When it sent its S 500 INTELLIGENT DRIVE research vehicle along a historic route in August 2013, Mercedes-Benz became the first motor manufacturer to demonstrate the feasibility of autonomous driving on both interurban and urban routes.
The route in question, covering the 100 kilometers (62 miles) or so from Mannheim to Pforzheim, retraced that taken by motoring pioneer Bertha Benz exactly 125 years ago when she set off on the very first long-distance drive.
In the heavy traffic of the 21st century the self-driving S-Class had to deal autonomously with a number of highly complex situations – traffic lights, roundabouts, pedestrians, cyclists and trams. It should be noted that this trailblazing success was not achieved using extremely expensive special technology, but with the aid of near-production-standard technology, very similar to that already found in the new E and S-Class.
In August 1888, Bertha Benz set off on her famous first long-distance automobile journey from Mannheim to Pforzheim. In doing so, the wife of Carl Benz demonstrated the suitability of the Benz patent motorcar for everyday use and thus paved the way for the worldwide success of the automobile. Precisely 125 years later, in August 2013, Mercedes-Benz said it recorded a no less spectacular pioneering achievement following the same route.
Developed on the basis of the new Mercedes-Benz S-Class, the S 500 INTELLIGENT DRIVE research vehicle autonomously covered the distance between Mannheim and Pforzheim. Yet, unlike Bertha Benz all those years ago, it did not have the road “all to itself”, but had to negotiate dense traffic and complex traffic situations.
“This S-Class spells out where we’re headed with “Intelligent Drive” and what tremendous potential there is in currently available technology,” says Dr. Dieter Zetsche, Chief Executive Officer of Daimler AG and Head of Mercedes-Benz Cars. “Of course, it would have been a lot easier to take the autobahn for the autonomous drive from Mannheim to Pforzheim. But there was a special motivation for us to carry out this autonomous drive along this very route 125 years after Bertha Benz. After all, we wouldn’t be Mercedes-Benz unless we set ourselves challenging goals and then went on to achieve them.”
The following is how Mercedes-Benz explained the technology and how it relates to its future cars:
Several levels of autonomous driving
The main advantages of autonomous driving are plain to see: it allows motorists to reach their destination quickly, safely and in a more relaxed frame of mind. Above all on routine journeys, in traffic jams, on crowded motorways with speed restrictions and at accident blackspots, an autonomous vehicle is capable of assisting the driver and relieving them of tedious routine tasks. However, the intention is not to deprive the driver of the experience and pleasure of doing the driving for themselves. “Our autonomous systems offer to assist and unburden the driver. Those who want to drive themselves are free to do so, and that won’t change in future either,” stresses Daimler development chief Weber. “It’s clear, however, that autonomous driving will not come overnight, but will be realised in stages. With this drive, we’ve now taken another important step into the future.”

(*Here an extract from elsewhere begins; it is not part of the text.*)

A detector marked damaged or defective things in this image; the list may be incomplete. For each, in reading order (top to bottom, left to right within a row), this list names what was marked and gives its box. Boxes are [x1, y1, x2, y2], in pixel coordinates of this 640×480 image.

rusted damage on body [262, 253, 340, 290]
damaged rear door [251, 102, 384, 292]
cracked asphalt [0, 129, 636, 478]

A distinction is made between three levels of autonomous driving. These have been defined by a VDA working group in collaboration with the German Federal Highway Research Institute (BASt): partially, highly and fully automated.
- With partially automated driving, the driver must constantly monitor the automatic functions and must not pursue any non-driving-related activity.
- In the case of highly automated driving, the driver need not permanently monitor the system. In this case, non-driving-related activities are conceivable on a limited scale. The system recognises its limitations by itself and passes the driving function back to the driver with sufficient time to spare.
- With fully automated driving, the system is capable of autonomously coping with every situation; the driver need not monitor the system and can pursue non-driving-related activities. Equally, driverless driving is possible at this level.
Partially automated driving is already available to drivers of new Mercedes-Benz E and S-Class models: the new DISTRONIC PLUS with Steering Assist and Stop&Go Pilot is capable of steering the vehicle mainly autonomously through traffic jams. This system thus forms the core of “Mercedes-Benz Intelligent Drive”, the intelligent networking of all safety and comfort systems on the way to accident-free and, ultimately, autonomous driving.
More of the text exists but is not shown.